Ma chi era realmente Yogananda, e perché la sua voce risuona così profondamente anche a distanza di decenni?

Il Viaggio di un Mistico

Yogananda non è stato solo un maestro spirituale, ma anche un pioniere culturale. Fu tra i primi grandi yogi a trasferirsi stabilmente in Occidente, nel 1920, in un tempo in cui parole come “meditazione”, “karma” o “prana” erano pressoché sconosciute in America. La sua missione non era solo quella di insegnare una tecnica, ma di trasmettere uno stato di coscienza, una possibilità nuova di percepire la vita.

Il suo messaggio era universale: l’essere umano, a prescindere dalla religione o dalla cultura, è chiamato a riscoprire la propria natura divina. Yogananda insegnava che Dio può essere esperito direttamente, al di là di dogmi e rituali, attraverso la meditazione profonda e il contatto interiore. In questo senso, fu un rivoluzionario gentile, un costruttore di ponti tra i mondi.

Kriya Yoga: La Scienza dell’Anima

Al centro del suo insegnamento c’era il Kriya Yoga, una tecnica antica che prometteva di accelerare l’evoluzione spirituale dell’essere umano. Non si trattava solo di respirazioni o posture fisiche, ma di un metodo preciso per purificare il sistema nervoso e permettere alla coscienza di elevarsi. Secondo Yogananda, praticare il Kriya è come “fare l’autostrada verso Dio”.

Ma al di là della tecnica, ciò che colpiva (e colpisce tuttora) era la presenza di Yogananda: uno sguardo capace di attraversare il tempo, una dolcezza vibrante che rendeva reale l’invisibile. Parlava del divino con la tenerezza di chi lo conosce davvero. Non era dottrina: era esperienza.

Un Maestro per il Mondo Moderno

Yogananda non respingeva la modernità, ma cercava di redimerla. Accettava la scienza, l’evoluzione tecnologica, il progresso materiale, purché questi non diventassero idoli assoluti. Aveva fiducia nella possibilità che l’uomo occidentale potesse risvegliarsi spiritualmente, senza rinunciare alle conquiste del pensiero critico o del benessere materiale. Per questo, fondò negli Stati Uniti la Self-Realization Fellowship, con l’intento di creare una comunità spirituale aperta a tutti, capace di trasmettere un’eredità viva.

In molti, tra cui Steve Jobs, George Harrison e persino Gandhi, trovarono ispirazione nelle sue parole.
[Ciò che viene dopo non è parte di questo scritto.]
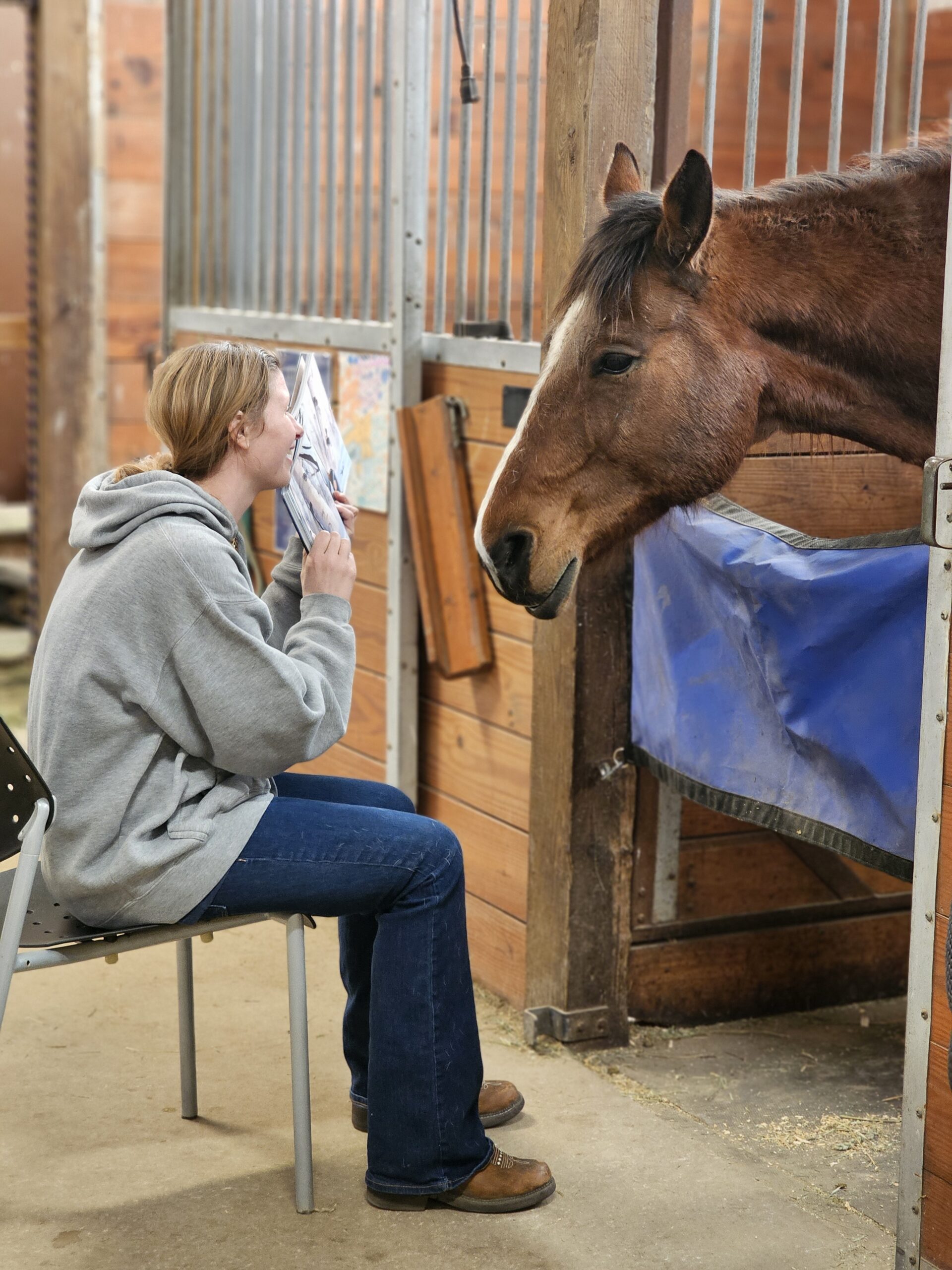 girl reading book to a horse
Non perché fossero esotiche, ma perché erano vere.

Una Presenza Che Rimane

Paramahansa Yogananda morì nel 1952, ma il suo corpo rimase sorprendentemente integro per settimane, come riportato da testimoni oculari — un segno, secondo molti, della sua elevata realizzazione spirituale. Ma più che nei prodigi esteriori, il suo lascito risiede nella trasformazione silenziosa che ha portato nel cuore di milioni di persone: la riscoperta del divino come qualcosa di personale, intimo, presente.
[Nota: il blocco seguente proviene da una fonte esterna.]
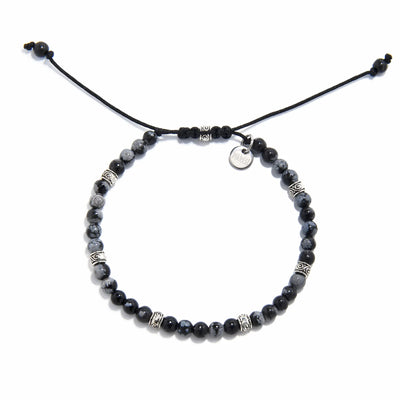 Adjustable black and silver bracelet with polished jasper beads and silver detailing, laid flat.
Nel caos del nostro tempo, Yogananda continua a indicare la via di un equilibrio possibile tra il fare e l’essere, tra l’azione e la contemplazione, tra la ragione e il cuore.
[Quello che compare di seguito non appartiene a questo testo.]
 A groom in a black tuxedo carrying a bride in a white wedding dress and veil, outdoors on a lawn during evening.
Conclusione: Il Maestro è Dentro di Te

Scrivere di Yogananda è come parlare del vento: se ne percepisce la presenza, ma è impossibile catturarla. Ogni lettore, ogni praticante, ogni cuore toccato dalla sua voce può solo testimoniare l’invisibile. Ma forse è proprio questo il punto: non si tratta di seguirlo come un idolo, ma di risvegliarsi a quella parte silenziosa di sé in cui ogni maestro vive, da sempre.

Yogananda non voleva essere adorato, ma compreso. E se le sue parole ci scuotono ancora oggi, è perché ci parlano della nostra stessa luce.